EM: To me it seems obvious, and is already present if we go back to the beginning of international organizations in the nineteenth century.
I see internationalism not as synonymous with globalization but as a response to it. So, globalization is set of processes that heighten and quicken the connections—economic, cultural, biological, demographic—between different parts of the world, and internationalism is an attempt to respond to globalization by setting up mechanisms of governance or coordination. By the nineteenth century, it was clear that so many of the problems humanity faced had global aspects, the responses to which must be coordinated, or maybe even governed, internationally.
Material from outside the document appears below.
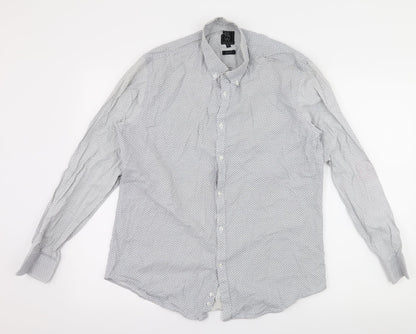 Additional front view of Taylor & Wright men’s white polka dot button-up, size 15.5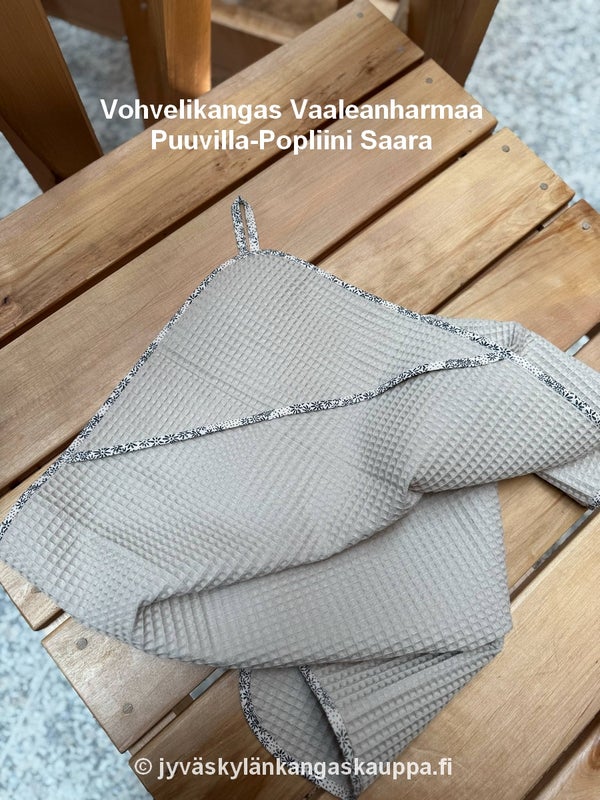 Vohvelikangas Vaaleanharmaa sek&auml; kanttaukseen k&auml;ytetty Puuvilla-Popliini Saara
That was the premise of setting up the institutions we have today, including the WHO. Health and disease are things in which the globality of the problem is so obvious it doesn’t even need to be argued. And yet despite the obviousness of the problem, we’ve really neglected and let atrophy these institutions. ‘We’ being the west, the international community, whomever, the people who are interested in this, you and me—these institutions have been allowed to atrophy as if they are not needed, and what this crisis shows so clearly, though I’m surprised few people seem to be saying it, is that they are needed.
For example: travel restrictions. Although there is a sovereign right to decide the travel parameters for each nation, it doesn’t make sense to me that there is no mechanism to coordinate them even on the informational level—not a world government with coercive powers to restrict travel, but a coordinating mechanism. The effectiveness of travel restrictions in one place depend at least partly upon the effectiveness or nature of travel restrictions in other places. We discovered this when Trump put his much-vaunted stop on travel from China. It was only a stop on direct travel from China, so it turned out a lot of people were still coming through Europe or other places. It just seems so obvious that strong functioning institutions on the international level are necessary that I am continuously puzzled that even outlets that would be sympathetic to that idea ideologically don’t seem to be talking about it.
NCA: To close on that note, how would you see today’s moment within the history and heuristic of ‘international society as a historical subject,’ as you defined it in your Diplomatic History article?
EM: I think when the history of COVID-19 and the pandemic is written, international society will be a crucial framework. These are early days yet and I want to use the Zhou Enlai—Mao Zedong’s longtime premier—escape hatch. When asked in the 1970s of the impact of the French Revolution, he reportedly said: it’s too early to tell.
I think it’s too early to tell what the history of our current moment will look like, but I have no doubt that a crucial, compelling component of that story would be international, and would have to use international society as a lens to think through the response to COVID-19, to unearth the interconnections that seem buried in the current discourse, and to explain why the international response has been so weak, so lacking, in the context of the history of the international society.
[1] Erez Manela, “A Pox on Your Narrative: Writing Disease Control into Cold War History” Diplomatic History 34, no. 2 (April 2010), p. 318.